If I teach you anything, anything at all, during our time together let it be how to turn one meal into three. Case in point: this chicken dinner I made on Wednesday night, which turned into Thursday’s lunch, and then turned into Thursday night’s pasta. How did I get all of that out of one little bird? Allow me to astound you!
First, let’s talk about braising. It sounds like a fancy word but it really just means cooking something in a liquid until it becomes very tender.

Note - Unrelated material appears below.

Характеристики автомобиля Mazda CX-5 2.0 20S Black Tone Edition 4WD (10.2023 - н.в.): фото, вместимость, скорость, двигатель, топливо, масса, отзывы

It works best with tough cuts of meat (if you love Osso Bucco or short ribs, you love braised food) but also works with chicken, as long as you take the breasts out before they get too dry and leave the dark meat to finish a little longer.
The fun thing about braising is you get to play around with your aromatics (garlic, ginger, onions) and your braising liquid (white wine, red wine, apple cider, vinegar, you name it). For this particular braise, I cut a whole chicken into parts (that’s a lesson for another time), seasoned them well with salt and pepper, seared them in olive oil and a little butter until they were golden brown on all sides, removed the pieces to a plate, and then added onions and garlic to the brown bits in the pan. I cooked those together for a bit, then added white wine to help scrape those brown bits up: that’s where all the flavor is. And then I added about three chopped heirloom tomatoes.
I let that cook together, with a pinch of salt, until the tomatoes started to release their liquid…
…then I added all of the chicken back in (it was a Noah’s Ark kind of situation in there, not very photogenic), keeping the breasts on top so I could take them out first. I cooked at a low simmer, lid-on, for about 25 minutes, checking after 20, until the breast was 160-ish. I removed the breasts, then let the dark meat go until it was fork tender (another 10 – 15 minutes). Meanwhile, I cooked slow-cooking polenta in a pot with water and salt for 45 minutes or so and then added lots of butter and Parm at the end.
I ladled the polenta on to plates, topped with the dark meat, and some of the braising liquid, but saved the white meat (the breasts) and the rest of the liquid (of which there was a lot) for the next two meals.
So let’s look at the next meal: chicken cabbage salad!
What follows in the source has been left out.